Qwen3-4B-Base serves as the PRM backbone with a two-layer linear reward head appended. The model is trained with BCE loss, using z-score-normalized CPMI rewards as soft labels. At inference time, candidate trajectories are scored and ranked by the PRM to select the optimal output.

Key Experimental Results¶

Main Results (Efficiency + Quality)¶

Reward Type	AUC	PB	PRMB	MATH	Time (ratio)	Tokens (ratio)
MC	0.759	27.7	38.8	45.4	1.00	1.00
PAV	0.757	36.6	49.6	47.2	1.17	2.38
CPMI	0.765	34.6	58.8	48.2	0.16 (↓84%)	0.02 (↓98%)
CPMI_Merge	0.766	36.8	60.7	49.4	0.30 (↓70%)	0.18 (↓82%)

Ablation Study¶

Configuration	Description
No contrast (PMI only)	AUC decreases; insufficient discriminative power
No prompt averaging	Increased reward variance
Varying M (number of negative samples)	M=4 achieves optimal balance
CPMI-Merge (step 1)	More stable than pure CPMI

Key Findings¶

CPMI reduces construction time by 84% and token generation by 98% while achieving higher quality (AUC 0.765 vs. MC 0.759).
CPMI substantially outperforms MC on the process-level benchmark PRMB (58.8 vs. 38.8), indicating that CPMI-derived step-level signals are more effective for process-level verification.
The contrastive signal is critical: removing the contrastive term (using PMI alone) leads to a significant performance drop.
CPMI-Merge further improves stability: it eliminates noise at early steps while preserving most of the efficiency gains.
RelEff (relative efficiency ratio) reaches 6–10×, demonstrating that CPMI substantially dominates MC on the quality–cost trade-off.

Highlights & Insights¶

Unifying MC and CPMI under the TD-λ framework constitutes an elegant theoretical contribution—MC corresponds to λ→1 (full return) and CPMI to λ→0 (bootstrapping)—applying a classical reinforcement learning framework to PRM training.
The 98% reduction in token generation renders large-scale PRM dataset construction practically feasible, transforming a task that previously required GPU clusters running for days into one completable on a single machine within hours.
Theoretical guarantees for the CPMI reward (via the Jeffreys divergence approximation) elevate it beyond a heuristic, endowing it with principled justification.

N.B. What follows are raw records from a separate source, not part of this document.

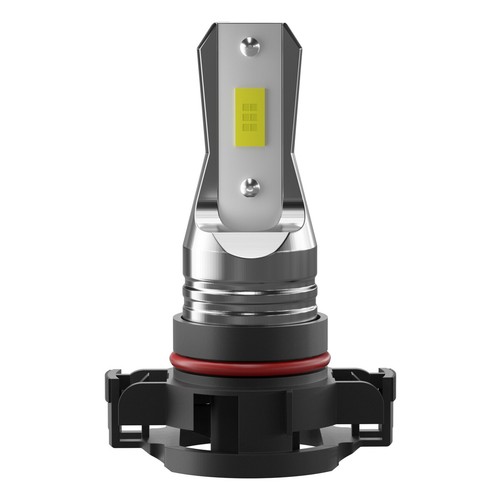 Faro antiniebla alto/bajo LED V2T para Jeep Grand Cherokee 2011 2012 2013 - Imagen 16 de 16
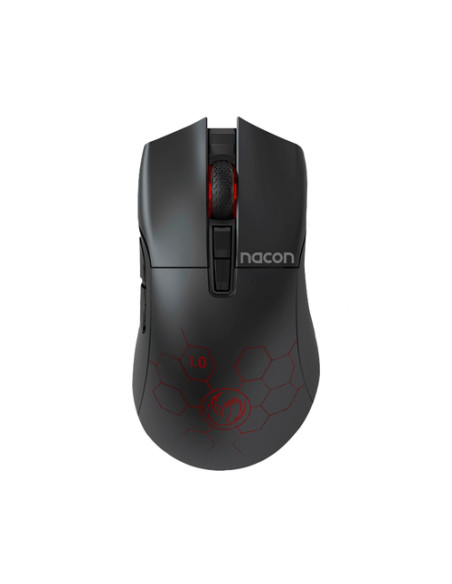 NACON MOUSE GAMING WIRELESS GM 190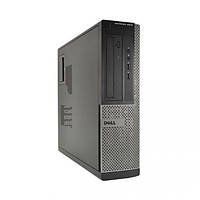 Настільний Комп'ютер (ПК) Dell Optilex 3010 DT 1235 фото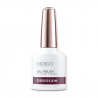 Obsession Gel Polish 7ml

Limitations & Future Work¶

CPMI relies on the quality of the pretrained LLM's internal probability distribution—if the model's mathematical knowledge is insufficient, probability estimates may be unreliable.
Validation is limited to mathematical reasoning tasks; effectiveness on other domains requiring PRMs—such as code generation and logical reasoning—remains to be confirmed.
The hard negative construction strategy (M=4 with heuristic perturbations) may lack systematicity.
The instability of CPMI at early reasoning steps necessitates CPMI-Merge as a remedy, adding design complexity.
The single-correct-answer assumption may not hold in certain tasks.

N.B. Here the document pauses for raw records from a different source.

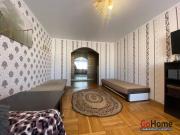 Купить 3-комнатную квартиру, Бобруйск, Горького ул., 41 Бобруйск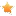 Liderperuk.com Favicon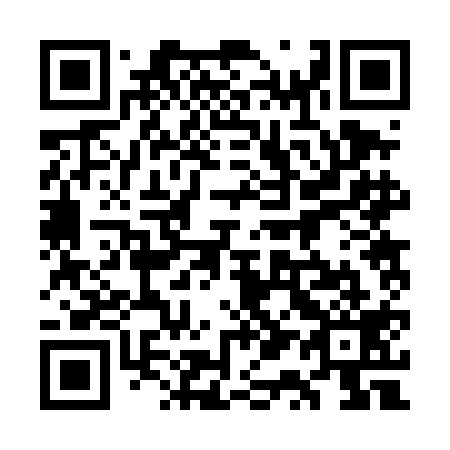 QR code for 7Q24A9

vs. MC Estimation (Math-Shepherd): MC requires sampling dozens of complete trajectories per step; CPMI requires only a single forward pass.
vs. PAV (Setlur et al.): PAV still relies on MC rollouts; CPMI eliminates the need for rollouts entirely.
vs. Contrastive Decoding (Li et al.): Contrastive decoding manipulates logits at inference time, whereas CPMI applies contrastive signals during training data construction; the use cases differ, but the underlying philosophy is shared.

Rating¶

Novelty: ⭐⭐⭐⭐⭐ The CPMI formulation is elegant, and the theoretical connection to TD-λ is profound.
Experimental Thoroughness: ⭐⭐⭐⭐⭐ Comprehensive comparison of efficiency and quality; theory and experiments mutually validate each other.
Writing Quality: ⭐⭐⭐⭐⭐ Theoretical derivations are clear and experimental design is rigorous.
Value: ⭐⭐⭐⭐⭐ The 98% token reduction makes large-scale PRM training practically viable, with significant implications for reasoning-enhanced systems.